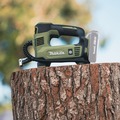  | Makita ADMP180ZX Outdoor Adventure 18V LXT Brushed Lithium-Ion Cordless Inflator (Tool Only) image number 4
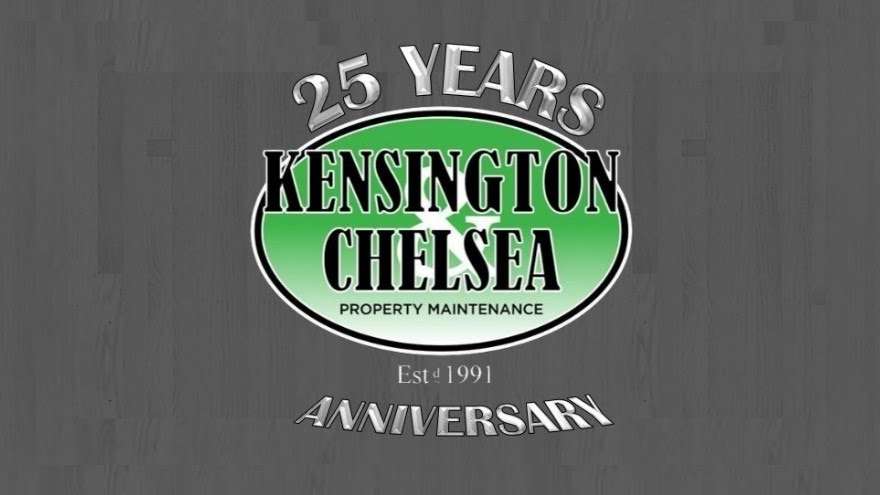 Kensington & Chelsea Property Maintenance | 7 Foskett Rd, Fulham, London SW6 3LY, UK | Phone: 020 7371 7626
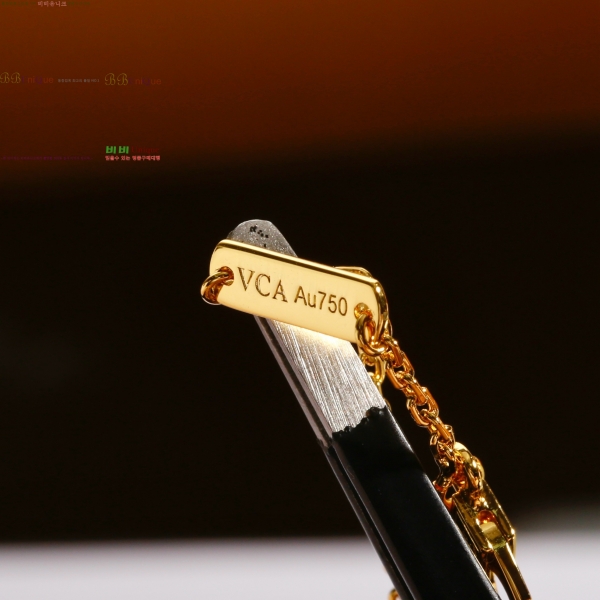 ���� ��Ŭ���� �� ���� ����� VA3125666-8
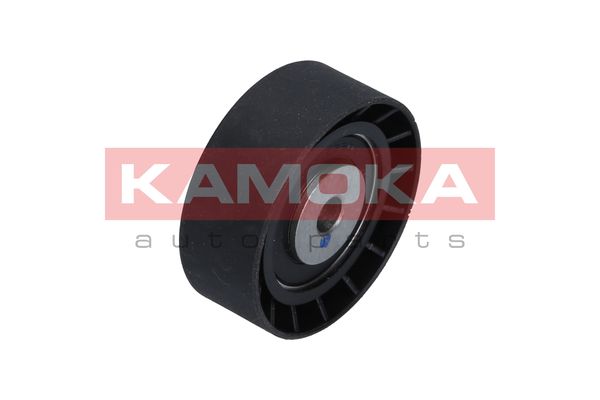 

Kamoka r0175 Обводной ролик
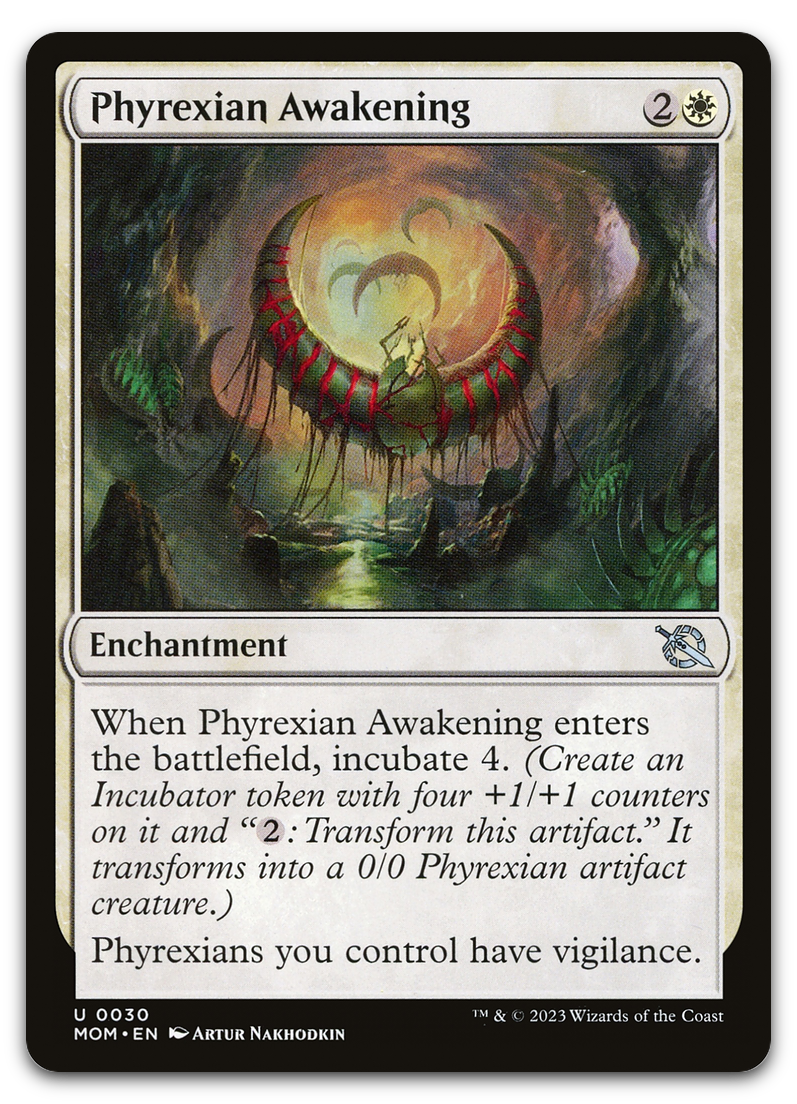 Product image for TCG 490665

-- WHAT YOU HAVE TO DO --
Output each line above exactly as it stands, omitting the pictures.

-- ANSWER AREA --
  | Makita ADMP180ZX Outdoor Adventure 18V LXT Brushed Lithium-Ion Cordless Inflator (Tool Only) image number 4
 Kensington & Chelsea Property Maintenance | 7 Foskett Rd, Fulham, London SW6 3LY, UK | Phone: 020 7371 7626
 ���� ��Ŭ���� �� ���� ����� VA3125666-8

Kamoka r0175 Обводной ролик
 Product image for TCG 490665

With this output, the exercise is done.